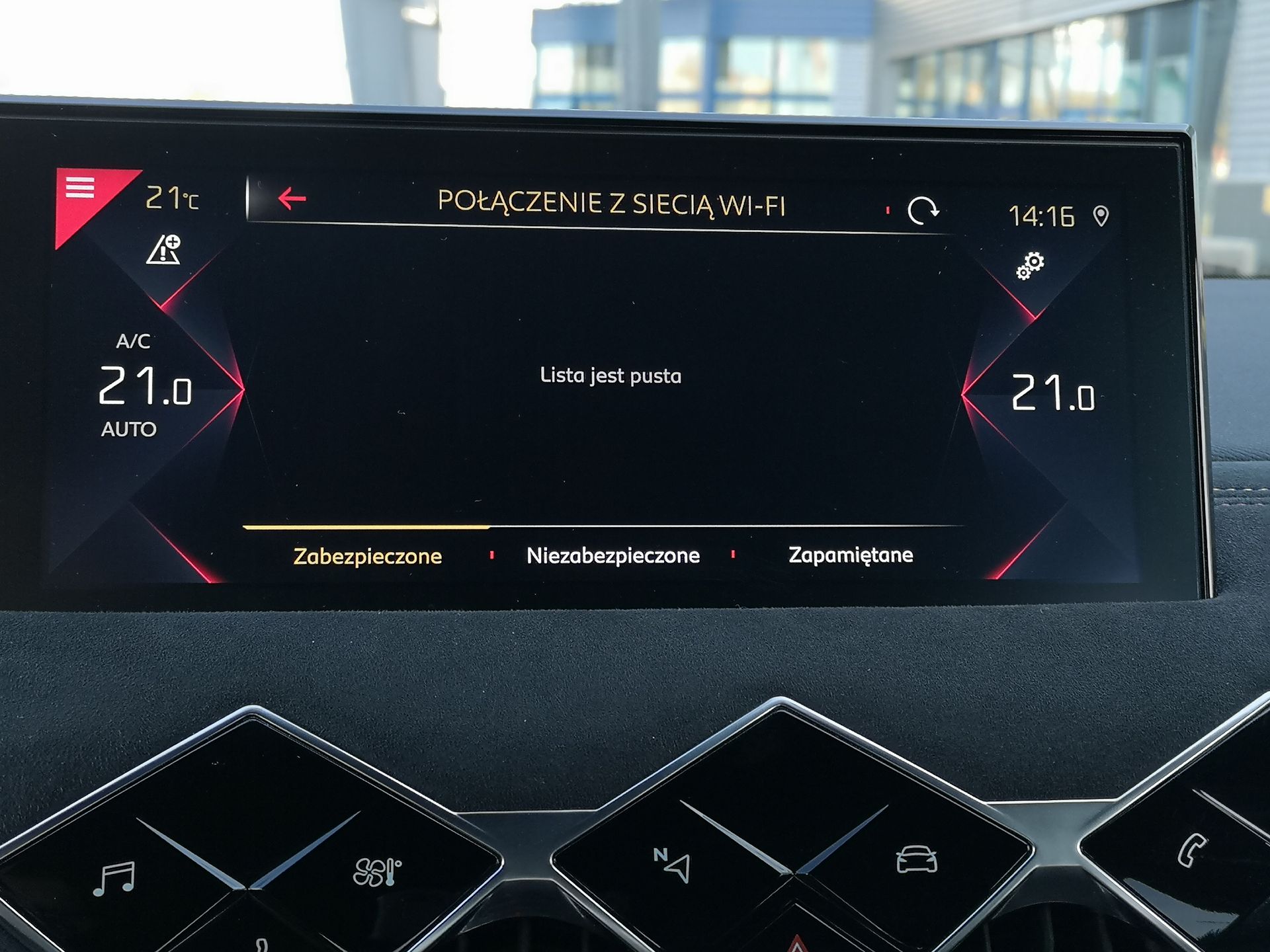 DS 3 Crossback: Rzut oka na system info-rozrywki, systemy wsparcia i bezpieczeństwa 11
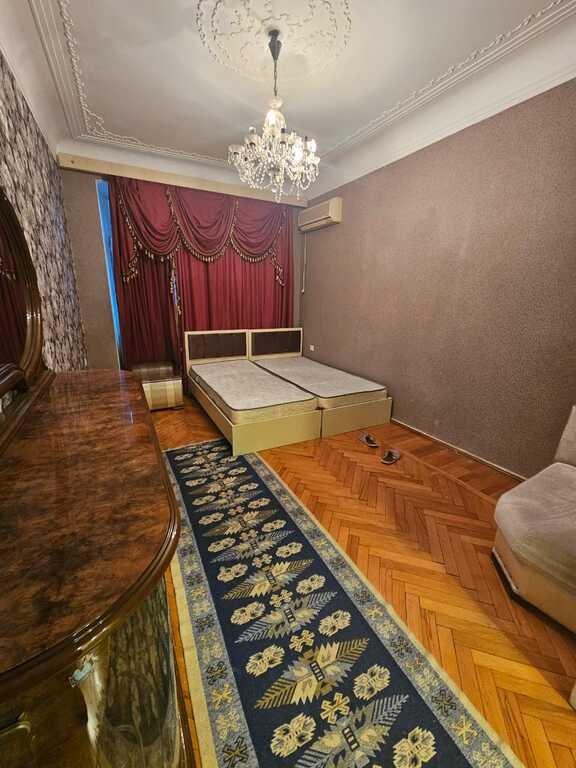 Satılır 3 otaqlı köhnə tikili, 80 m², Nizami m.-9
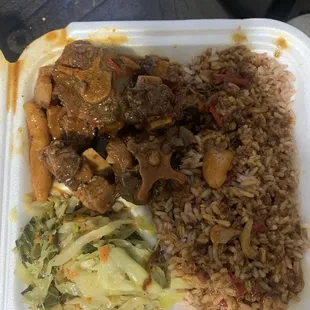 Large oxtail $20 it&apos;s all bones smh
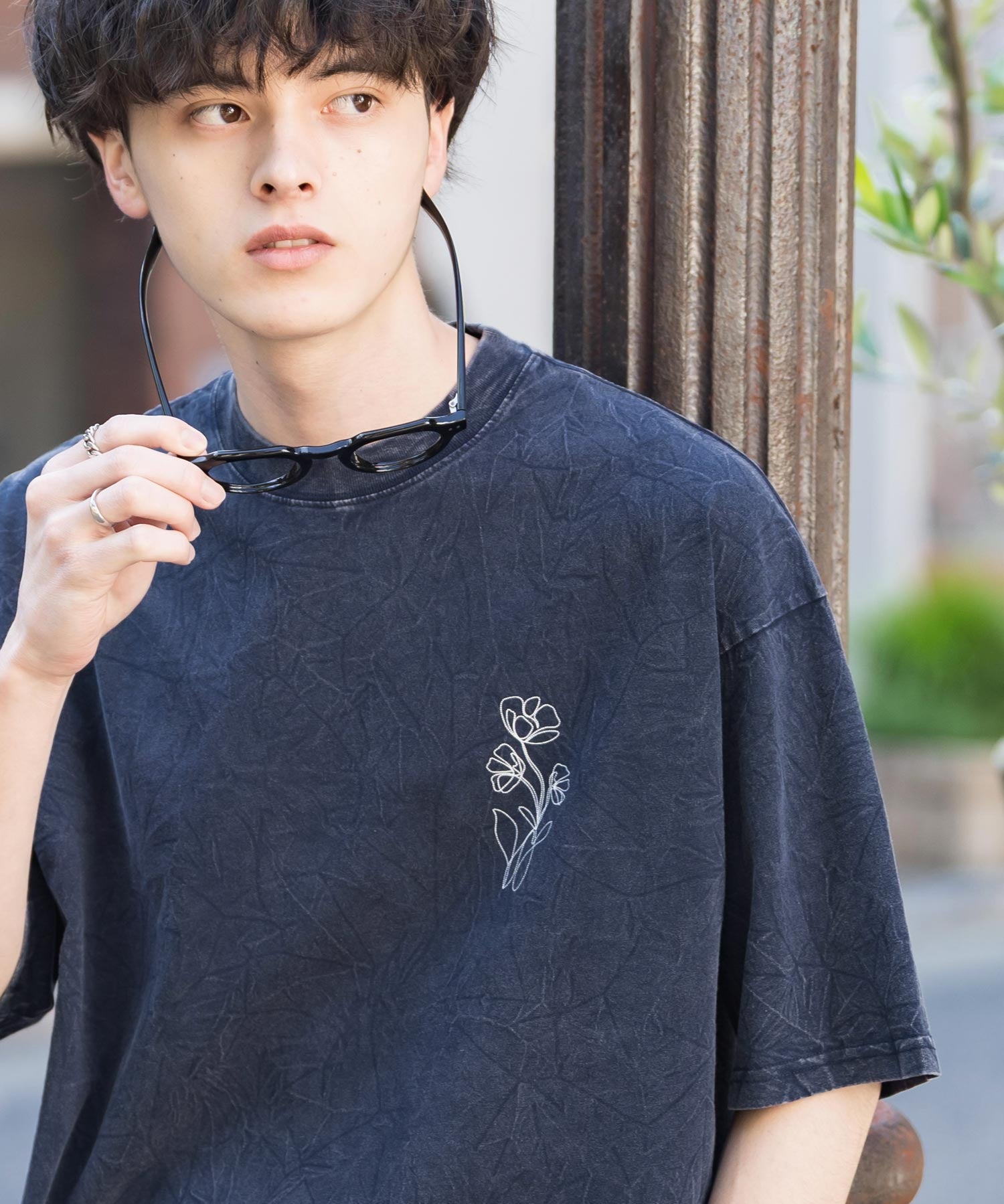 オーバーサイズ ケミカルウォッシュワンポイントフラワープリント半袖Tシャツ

━━━━

* ASSIGNMENT *
Copy the material exactly as written and leave every picture behind.

* ANSWER FOR THIS EXERCISE *
 DS 3 Crossback: Rzut oka na system info-rozrywki, systemy wsparcia i bezpieczeństwa 11
 Satılır 3 otaqlı köhnə tikili, 80 m², Nizami m.-9
 Large oxtail $20 it&apos;s all bones smh
 オーバーサイズ ケミカルウォッシュワンポイントフラワープリント半袖Tシャツ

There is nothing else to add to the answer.